DR for BSM , RUM

Hi Team

 

We have 2 gateway which are in load balancer , 2 DPS in failover and 2 Database in Oracle RAC cluster . 3 RUM Enigne connected with BSM along with 3 RUM client monitor probe . 

We want to setup DR for above scenario .  Pl suggest best practcies for configuring around it

BSM 9.26

RUM 9.26

 

Regards

Parents
  • We have the exact same configuration and we have done annual DR as well. We are on BSM 9.25IP1 though.  HP deployment document and hardering documents describe various aspects.   If you have any specific question, I may be able to help.

    Thanks,

    Rufeng

  • Hi Parkar,

    What level of resiliency do you need?  Are you trying to remove all SPOFs, cater for one data centre failure or something else?

    With 2 GWs, DPs, DB nodes, your BSM environment should be OK for DR - as long as everything is setup according to the DR doc (and the server pairs are in different data centres - and not the same rack ;) ).

    However, RUM is a bit different, and you would have to share some more specific information about your monitored apps and data centres to give specific suggestions, so here are some more general thoughts:

    With client monitor probes, it depends on how the incoming data is routed to them.  If you have the data going through an aggregator or load balancer, you can balance the traffic across the probes and ensure you have enough capacity to handle peak volumes going through the remaining probes if one fails.

    I worked on a solution to cater for component failure in an environment with a lot of sniffer Probes.  This used network aggregators (aka Network Packet Brokers) to filter the traffic and split the high volume output across lots of probes.  With advanced models, it's possible to setup rules and triggers to automatically redirect traffic to a different output port (probe) if one probe fails.

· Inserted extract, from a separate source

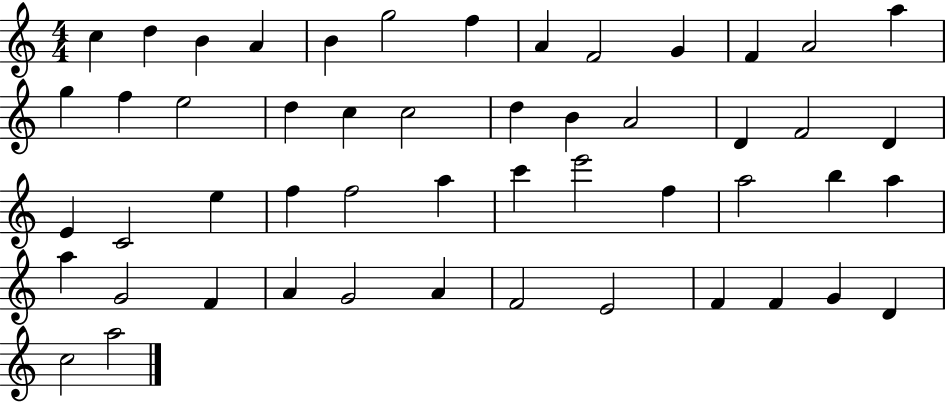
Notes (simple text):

C5/q D5/q B4/q A4/q B4/q G5/h F5/q A4/q F4/h G4/q F4/q A4/h A5/q G5/q F5/q E5/h D5/q C5/q C5/h D5/q B4/q A4/h D4/q F4/h D4/q E4/q C4/h E5/q F5/q F5/h A5/q C6/q E6/h F5/q A5/h B5/q A5/q A5/q G4/h F4/q A4/q G4/h A4/q F4/h E4/h F4/q F4/q G4/q D4/q C5/h A5/h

    The application being monitored ran active/active across 2 data centres, and was designed to have enough capacity to run in peak periods from only one data centre if required.  Therefore, we tried to ensure we also had enough capacity to do the same with RUM Engines and Probes.  In this scenario, we didn't care if one data centre failed, because all the user traffic would be going through the other data centre anyway.  If an individual Probe failed, we could redirect traffic to other probes (ensuring Engine/Probe assignments were updated in BSM/EUM if required).  If an Engine failed, we could move the Probe to a spare, or another with enough free capacity (again, checking Engine/Probe assignments).

    Generally, you can double up on RUM capacity and minimise SPOFs as long as the Business requirements justify the costs.

    Regards,
    Tim

  • We are looking for  best solution where minimal time required when application switch over done.

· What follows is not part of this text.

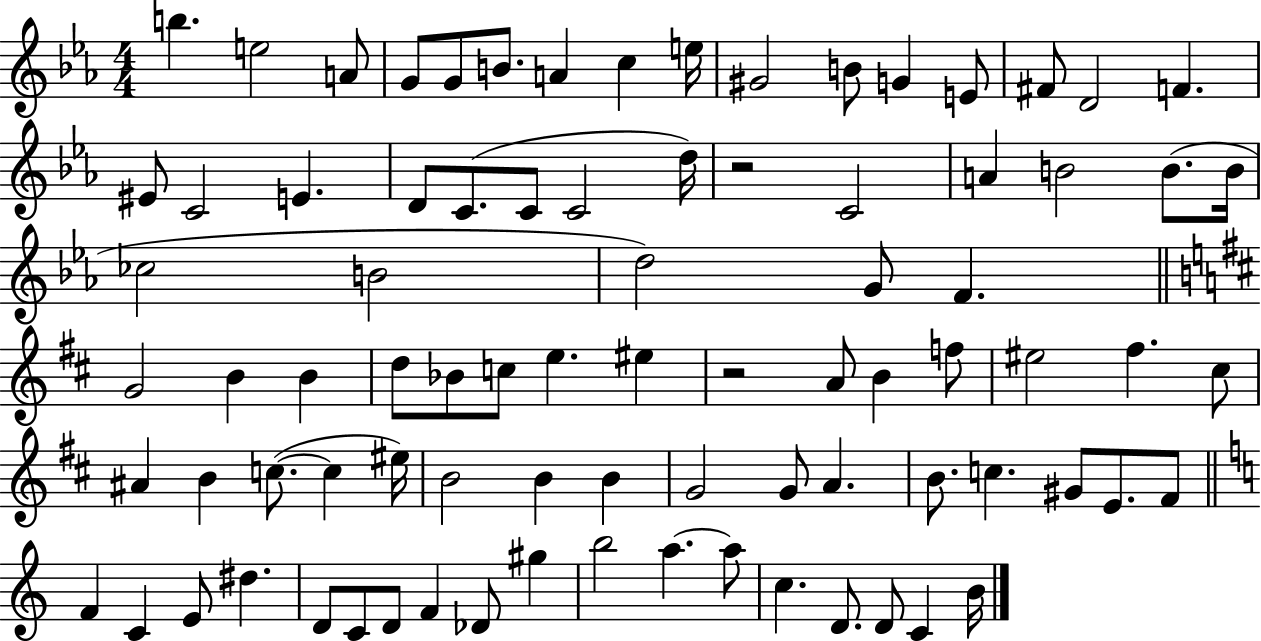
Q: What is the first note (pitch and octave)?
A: B5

  • Also how to ensure DR for RUM engine and RUM Probe 

  • Hi Parkar,

    This is what I was touching on in my previous post.  There isn't a default failover mechanism, but there are ways of doing it with some manual intervention if you have spare capacity.

    How does the monitored data get to your Probes?  Is it via a load balancer or anything with traffic management capabilties (e.g. an aggregator)?

    How many RUM Apps do you have in total and per Probe?

    How many Probes does each Engine have?  Is it a 1:1 ratio?

    Regards,

    Tim

Reply
  • Hi Parkar,

    This is what I was touching on in my previous post.  There isn't a default failover mechanism, but there are ways of doing it with some manual intervention if you have spare capacity.

    How does the monitored data get to your Probes?  Is it via a load balancer or anything with traffic management capabilties (e.g. an aggregator)?

    How many RUM Apps do you have in total and per Probe?

    How many Probes does each Engine have?  Is it a 1:1 ratio?

    Regards,

    Tim

Children
  • rum probe to rum engine is 1:1 and no load balancer for rum client monitor probe.

     

     

  • Hi Parkar,

    You only really have the following options:

    Probe Failure: Agree a process with the network / data centre team to redirect the traffic from the failed probe to one of the other Probes, then update Engine/Probe assignments for the RUM apps in EUM.  This depends on the location of the probes and how the data is routed

    Engine Failure: Connect the failed Engine's Probe to another Engine, then update Engine/Probe assignments for the RUM apps in EUM.  When the failed Engine is running again, both Engines will think that they own the Probe, so revert the config quickly.

    However, it depends on whether there is enough capacity on your Engines and Probes, and whether there is cross connectivity etc.  It may be worth requesting a spare Engine and Probe.

     

    Regards,

    Tim